Asset Allocation 101

How to invest using intelligent asset allocation to improve results and reduce risk

What is asset allocation?

Asset allocation is how you split your money into the different categories of available investments. Anyone who has any money has an asset allocation. 

Here are some examples of asset allocation:

  • 100% cash. If you keep all your money in a bank account, this is an asset allocation that is 100% cash. 
  • 60-40. If you invest $6000 in a stock mutual fund and $4000 in a bond mutual fund, this is a 60% stock and 40% bond asset allocation.
  • Couch Potato. This allocation, proposed by newspaper columnist Scott Burns, is 50% stocks and 50% inflation-protected bonds.
  • AAII Conservative. This allocation, proposed by the American Association of Individual Investors, is 25% Large-Cap Stocks, 10% Mid-Cap Stocks, 10% Small-Cap Stocks, 5% International Stocks, 40% Intermediate Bonds, 10% Short-Term Bonds

 

Simply put, an asset allocation allocation is a list of assets and percentages that add up to 100%.

 

What is an asset allocation portfolio?

Once you purchase assets in various categories to implement a specific asset allocation, you have created a portfolio. For example, the Couch Potato allocation listed above is a "portfolio recipe" that you can turn into a portfolio by buying the following two exchange-traded funds:

  • Vanguard Total Stock Market ETF (ticker symbol is VTI)
  • iShares TIPS Bond (ticker symbol is TIP)

 

Why is asset allocation helpful?

The basic principle of asset allocation is to avoid "putting all your eggs in one basket." The idea of asset allocation is that you spread your risk by investing in different types of assets so that you have a more steady return over time.

 

What are the various types of assets that can be in an asset allocation?

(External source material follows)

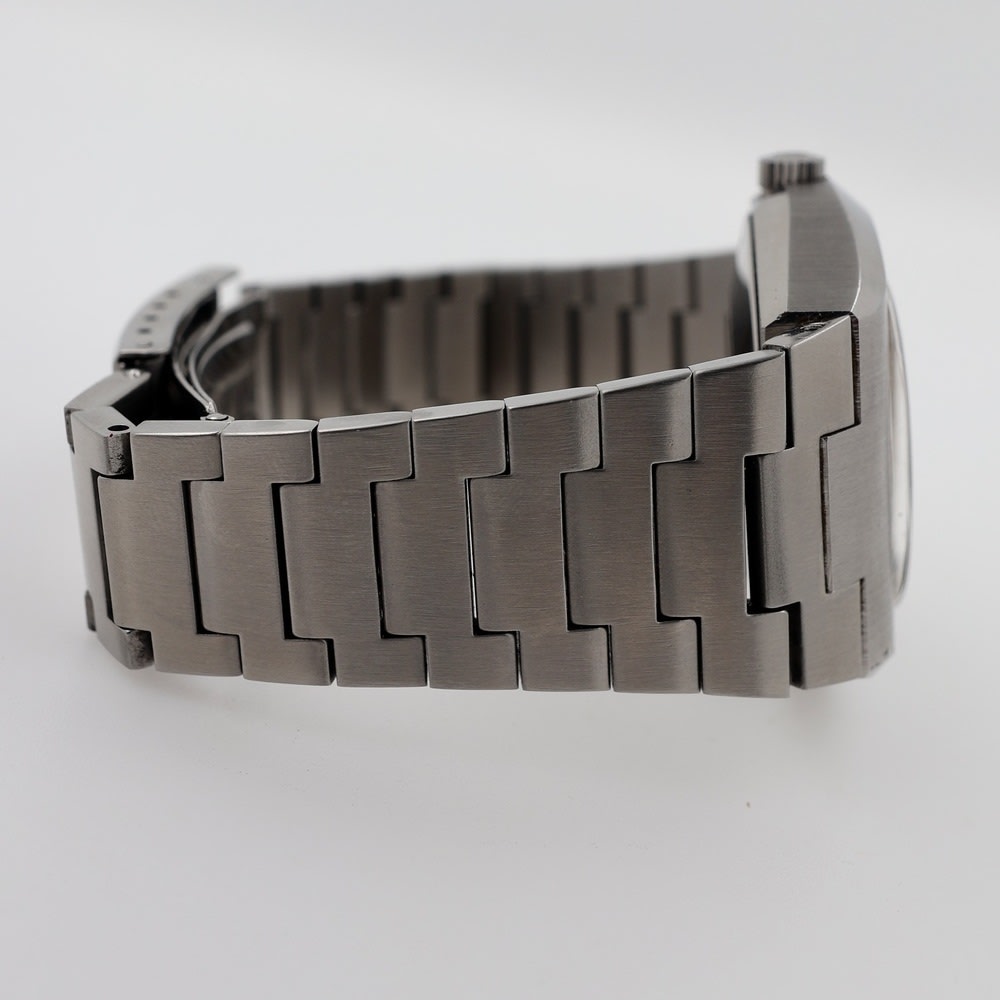 Rado Sapphire Gazelle automatic watch view 5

The different categories of investments are called "asset classes." The primary asset classes are stocks (also called equities), bonds, cash, real estate, and commodities.

 

How do I find an asset allocation that works for me? 

There are 5 primary ways you can get an asset allocation:

  • Use a model portfolio or "portfolio recipe" from a newsletter or web site
  • Buy an All-in-One fund that in turns owns several types of assets
  • Hire an investment adviser (either online or local)
  • Use a broker
  • Build an allocation model from scratch (e.g., based on correlation or macro-economics)

 

What about all the other ways to invest that I've heard of?

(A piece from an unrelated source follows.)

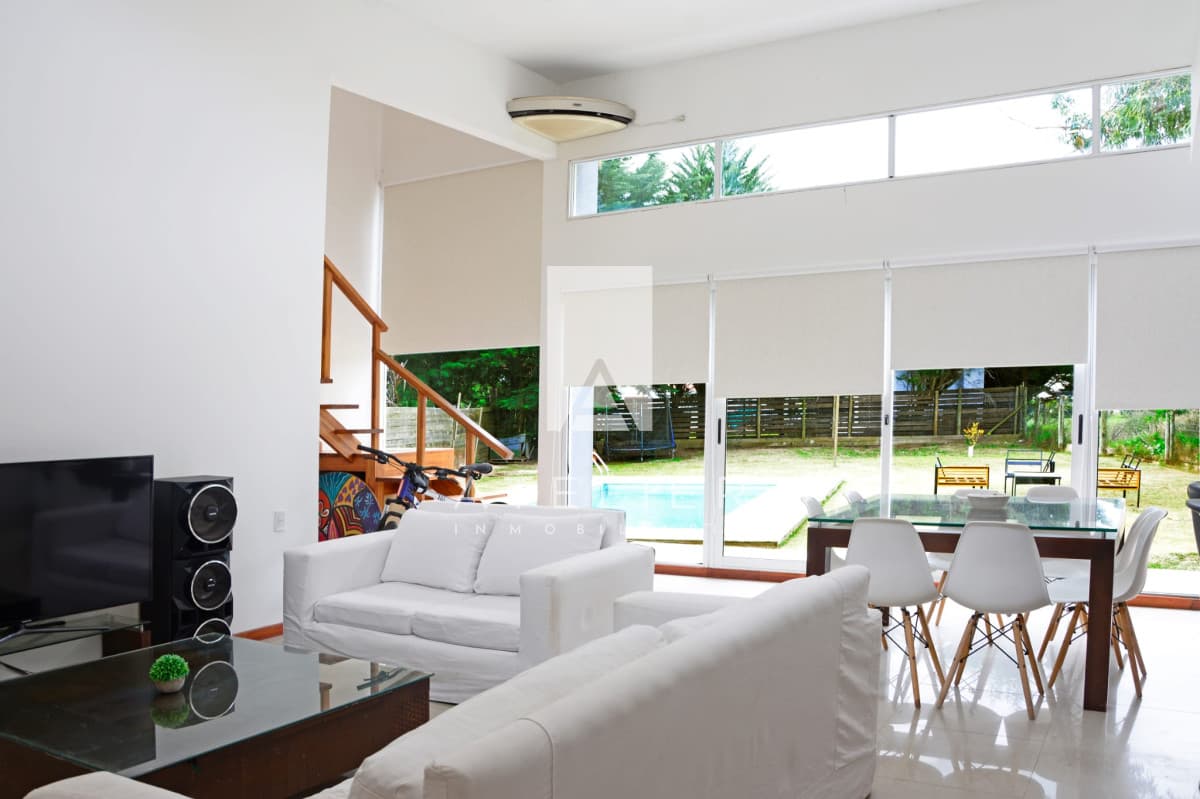 Casa en venta en dos plantas de 3 dormitorios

Of course there are other ways to invest your money, such as methods listed below. But AssetAllocationHQ focuses on asset allocation ideas that use the well-known asset classes. We focus on asset classes and investments that you can easily invest in using exchange-traded funds (ETFs) or mutual funds. AssetAllocationHQ does not provide detailed coverage of the following investment ideas:

  • Bank accounts and Certificates of Deposit. These are specific examples of the "cash" asset class.
  • Managed Futures. This is an investment in the "commodites" asset class.
  • Day Trading. This is an investment in the "equity" asset class, where stocks are bought and sold rapidly.
  • Stock Picking. This is the process of trying to find the best stocks within the "equity" asset class.
  • Variable Annuities. The investments inside of a variable annuity do have an asset allocation, but this investment includes an insurance component and a large commission paid to the salesperson. Also, it can be difficult to get your money out of a variable annuity.
  • Collectibles (rare coins, art, antiques). Some consider this to be an asset class, but collectibles can illiquid (i.e., difficult to sell quickly).
  • Investing in private companies. This is also called "private equity." This can be risky, but also quite profitable if you choose wisely.
  • Venture capital. This is investing in new or young companies. It's similar to private equity investing, but the risks and possible returns are usually higher.
  • Rental property. This is a form of real estate investing, but can be complicated.
  • Hedge Funds. These funds use a wide range of investment methods and a hedge fund can have its own asset allocation. Hedge funds carry high fees and are only available to "qualified investors" (i.e., those with more than $1 million in investable assets).
  • Options trading. This is related to equity investing and involves predicting the future price of a stock.

 

How do I compare asset allocation ideas?

The best way to compare asset allocations is find a portfolio that has implemented that allocation, and get historical data for that portfolio. Look at the annual percentage return over the past seven years and the risk that has been taken to achieve this return. We discuss these concepts in detail on the Risk vs. Return page.

 

Sounds good. How do I invest using asset allocation?

  1. Pick your asset allocation. Consider risk, return, and cost. Don't just look for labels like "aggressive" and "conservative" which may not be accurate indicators of a portfolio's risk.
  2. Pick the funds to buy.
  3. Rebalance your portfolio over time.